» **Work order**: Pictures stay out of this copy, which runs from the first line of the material through the line containing "Lace Trim Cami".
[[ Data open ]]
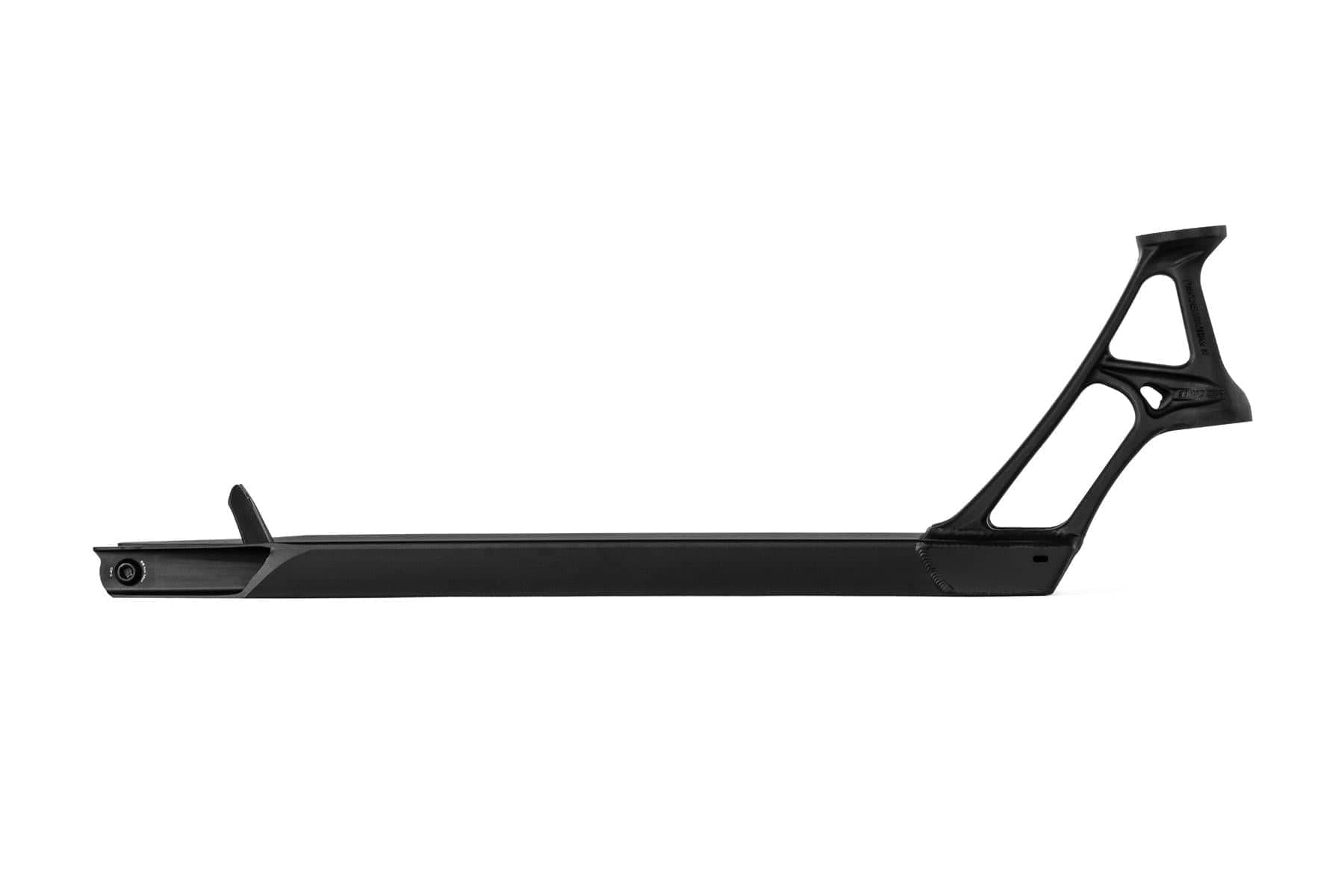 The Ethic DTC Pandemonium V2 Black Stunt Scooter Deck - 5.1" x 18.1" is a lightweight, black scooter deck crafted with 6061-T6 aluminum. Its cutout design on the neck and sleek, streamlined shape contribute to making it one of the lightest options for peak performance.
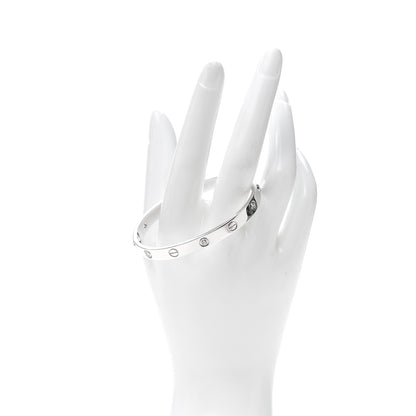 Cartier 18K White Gold 6 Diamond LOVE Bracelet 17 2 of 7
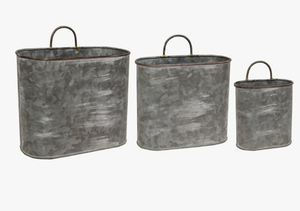 Set Of 3 Galvanized Metal Oval Wall Planters Farmhouse Style Indoor Outdoor Hanging Half Bucket Decoration In Affordable Price - Product Image 5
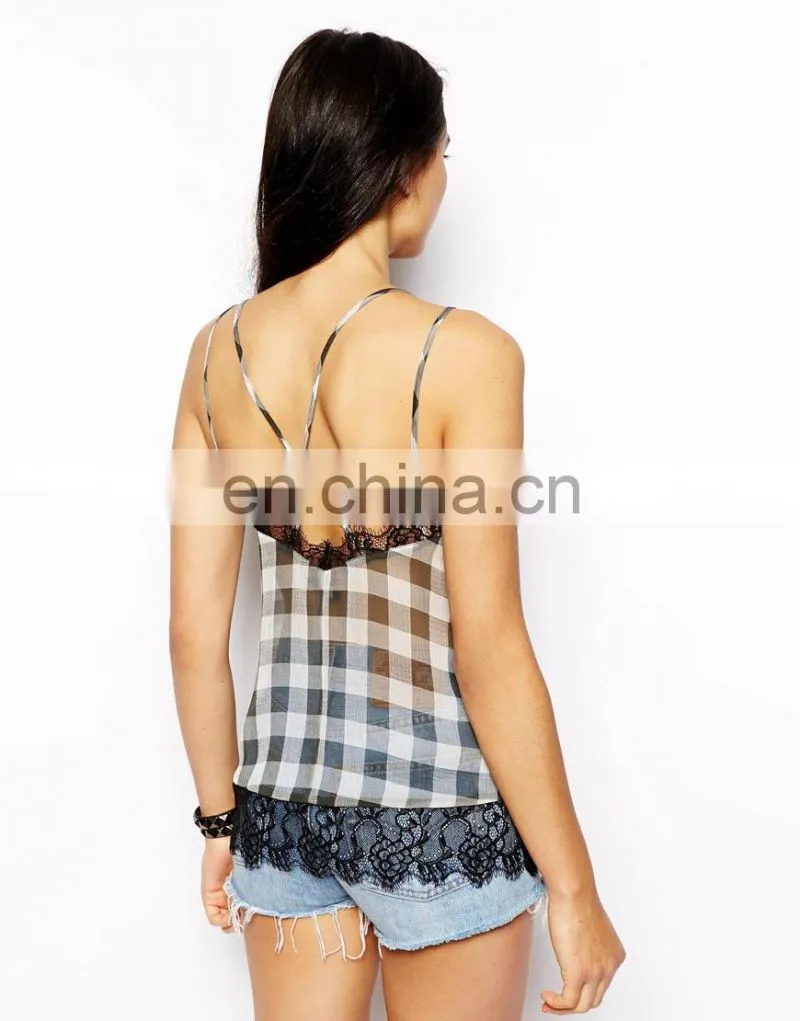 Lace Trim Cami Top in Gingham Print/womens top plus sizes/clothing desgin for women wholesale model-cp387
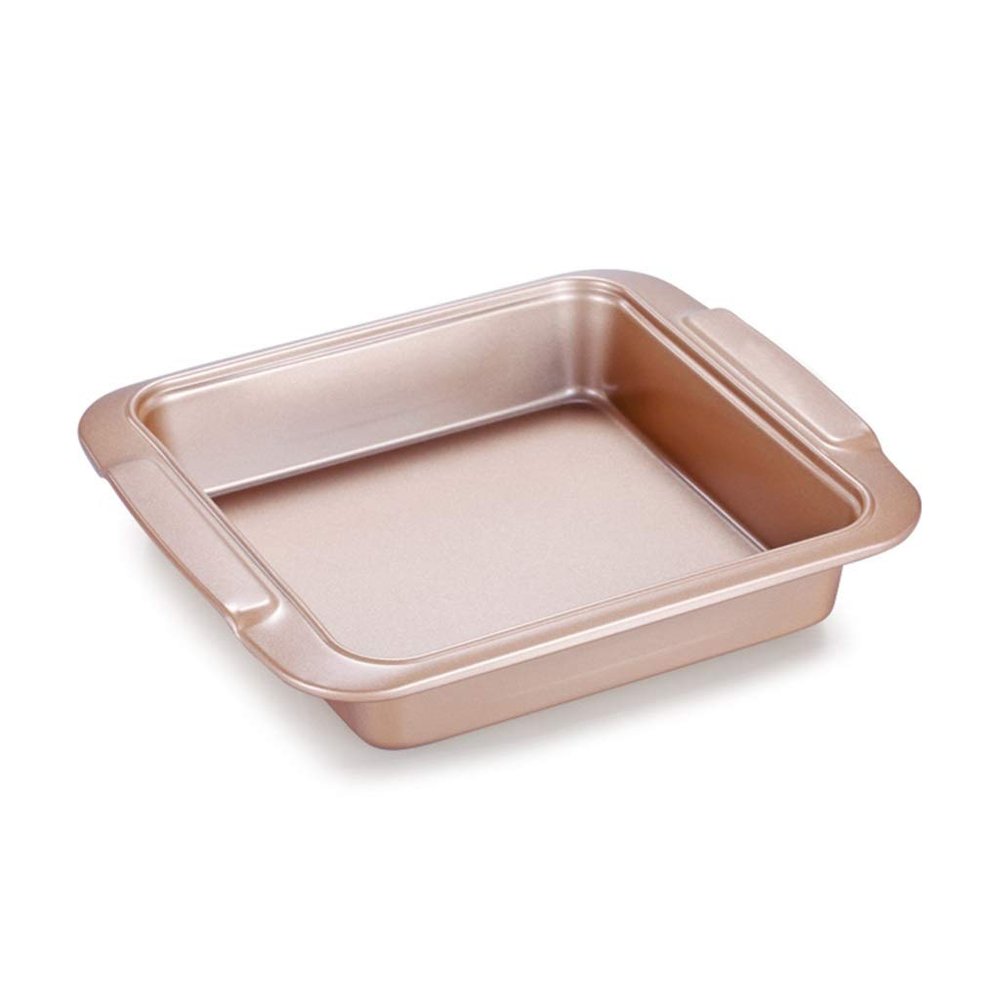 Baking Dish, Golden Square Baking Dish Oven Tray Not Sticky Cake Roll Muffin Tiramisu Baking Mold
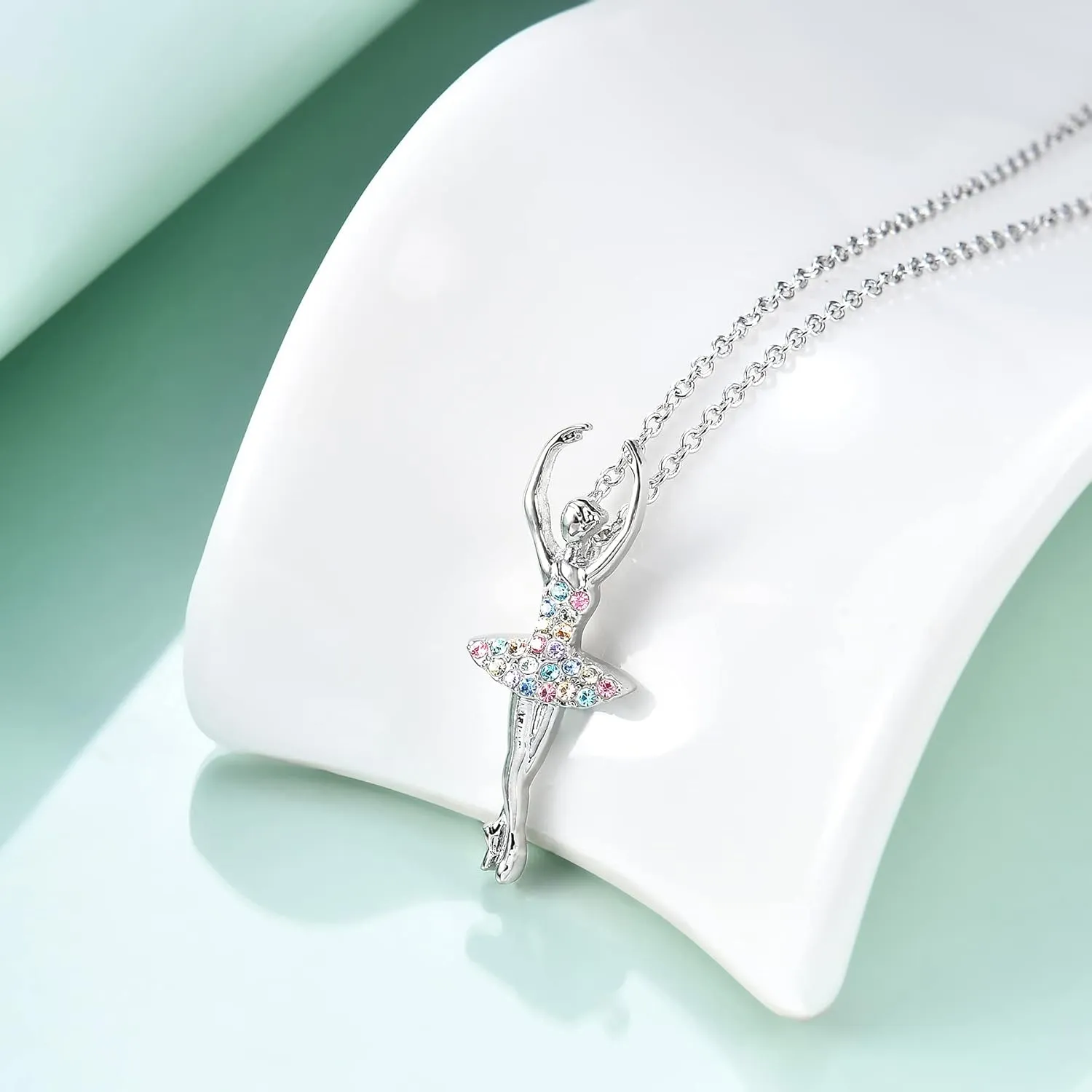 luomart Girls Necklace Ballerina Dance Recital Gifts for Women,Ballet Dancer Pendant Jewelry for Sister Mom Friends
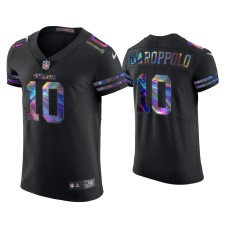 Men's San Francisco 49ers #10 Jimmy Garoppolo Black Golden Edition Holographic Jersey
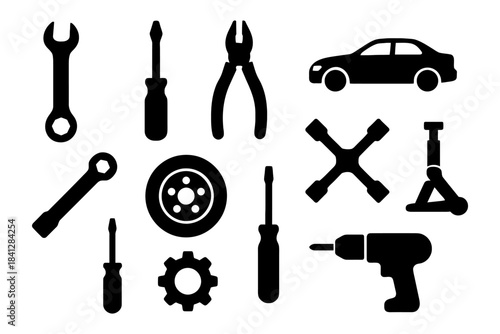 Silhouette set of automotive tools and car parts.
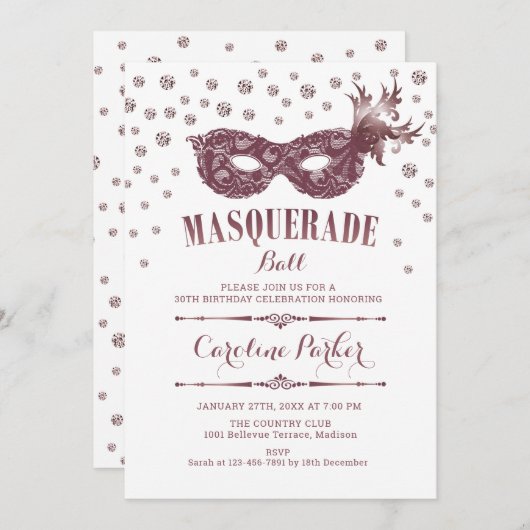 Witte Mauve Roze Masquerade Bal Verjaardagsfeest Kaart (Voorkant / Achterkant)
[[ Data closed ]]
» **Answer space**:
 The Ethic DTC Pandemonium V2 Black Stunt Scooter Deck - 5.1" x 18.1" is a lightweight, black scooter deck crafted with 6061-T6 aluminum. Its cutout design on the neck and sleek, streamlined shape contribute to making it one of the lightest options for peak performance.
 Cartier 18K White Gold 6 Diamond LOVE Bracelet 17 2 of 7
 Set Of 3 Galvanized Metal Oval Wall Planters Farmhouse Style Indoor Outdoor Hanging Half Bucket Decoration In Affordable Price - Product Image 5
 Lace Trim Cami Top in Gingham Print/womens top plus sizes/clothing desgin for women wholesale model-cp387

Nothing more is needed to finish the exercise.